Re: Trying to understand HBase/ZooKeeper Logs

Posted by Jean-Daniel Cryans <jd...@apache.org>.

Michael,

Grep your master log for "Received report from unknown server" and if
you do find it, it means that you have DNS flapping. This may explain
why you see a "new instance" which in this case would be the master
registering the region server a second or third time. This patch in
this jira fixes this issue
https://issues.apache.org/jira/browse/HBASE-2174

J-D

On Wed, Mar 3, 2010 at 9:28 AM, Michael Segel <mi...@hotmail.com> wrote:
>
>
>
>> Date: Wed, 3 Mar 2010 09:17:06 -0800
>> From: phunt@apache.org
>> To: hbase-user@hadoop.apache.org
>> Subject: Re: Trying to understand HBase/ZooKeeper Logs
> [SNIP]
>> There are a few issues involved with the ping time:
>>
>> 1) the network (obv :-) )
>> 2) the zk server - if the server is highly loaded the pings may take
>> longer. The heartbeat is also a "health check" that the client is doing
>> against the server (as much as it is a "health check" for the server
>> that the client is still live). The HB is routed "all the way" through
>> the ZK server, ie through the processing pipeline. So if the server were
>> stalled it would not respond immediately (vs say reading the HB at the
>> thread that reads data from the client). You can see the min/max/avg
>> request latencies on the zk server by using the "stat" 4letter word. See
>> the ZK admin docs on this http://bit.ly/dglVld
>> 3) the zk client - clients can only process HB responses if they are
>> running. Say the JVM GC runs in blocking mode, this will block all
>> client threads (incl the zk client thread) and the HB response will sit
>> until the GC is finished. This is why HBase RSs typically use very very
>> large (from our, zk, perspective) session timeouts.
>>
>> 50ms is not long btw.

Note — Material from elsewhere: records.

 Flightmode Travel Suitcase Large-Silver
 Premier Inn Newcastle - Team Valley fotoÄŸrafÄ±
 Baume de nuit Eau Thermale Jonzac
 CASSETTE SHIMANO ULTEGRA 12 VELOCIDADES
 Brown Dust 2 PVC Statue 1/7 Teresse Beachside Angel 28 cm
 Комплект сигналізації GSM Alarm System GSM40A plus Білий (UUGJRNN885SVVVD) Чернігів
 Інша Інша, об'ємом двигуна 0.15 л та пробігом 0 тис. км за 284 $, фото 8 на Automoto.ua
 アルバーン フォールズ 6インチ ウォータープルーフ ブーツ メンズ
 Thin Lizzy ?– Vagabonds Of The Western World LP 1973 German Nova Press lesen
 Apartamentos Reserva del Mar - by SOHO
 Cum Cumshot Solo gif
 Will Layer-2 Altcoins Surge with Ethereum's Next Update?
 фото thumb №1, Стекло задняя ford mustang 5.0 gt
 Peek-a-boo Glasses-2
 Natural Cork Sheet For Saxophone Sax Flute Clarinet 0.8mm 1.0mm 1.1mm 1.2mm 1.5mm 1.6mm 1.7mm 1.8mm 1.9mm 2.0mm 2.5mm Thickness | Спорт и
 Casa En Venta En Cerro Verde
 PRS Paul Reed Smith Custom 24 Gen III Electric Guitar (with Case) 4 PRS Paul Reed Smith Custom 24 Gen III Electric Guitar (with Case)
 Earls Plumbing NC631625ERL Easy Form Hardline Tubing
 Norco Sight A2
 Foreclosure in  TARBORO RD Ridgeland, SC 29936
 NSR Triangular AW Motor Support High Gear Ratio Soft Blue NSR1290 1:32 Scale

I believe that RS are using >> 30sec timeouts.
>>
>> I can't shed directly light on this (ie what's the problem in hbase that
>> could cause your issue). I'll let jd/stack comment on that.
>>
>> Patrick
>>
>
> Thanks for the quick response.
>
> I'm trying to track down the issue of why we're getting a lot of 'partial' failures. Unfortunately this is currently a lot like watching a pot boil. :-(
>
> What I am calling a 'partial failure' is that the region servers are spawning second or even third instances where only the last one appears to be live.
>
> From what I can tell is that there's a spike of network activity that causes one of the processes to think that there is something wrong and spawn a new instance.
>
> Is this a good description?
>
> Because some of the failures occur late at night with no load on the system, I suspect that we have issues with the network but I can't definitively say.
>
> Which process is the most sensitive to network latency issues?
>
> Sorry, still relatively new to HBase and I'm trying to track down a nasty issue that cause Hbase to fail on an almost regular basis. I think its a networking issue, but I can't be sure.
>
> Thx
>
> -Mike
>
>
>
>
>
> _________________________________________________________________
> Hotmail: Powerful Free email with security by Microsoft.
> http://clk.atdmt.com/GBL/go/201469230/direct/01/

Re: Trying to understand HBase/ZooKeeper Logs

Posted by Chad Metcalf <ch...@cloudera.com>.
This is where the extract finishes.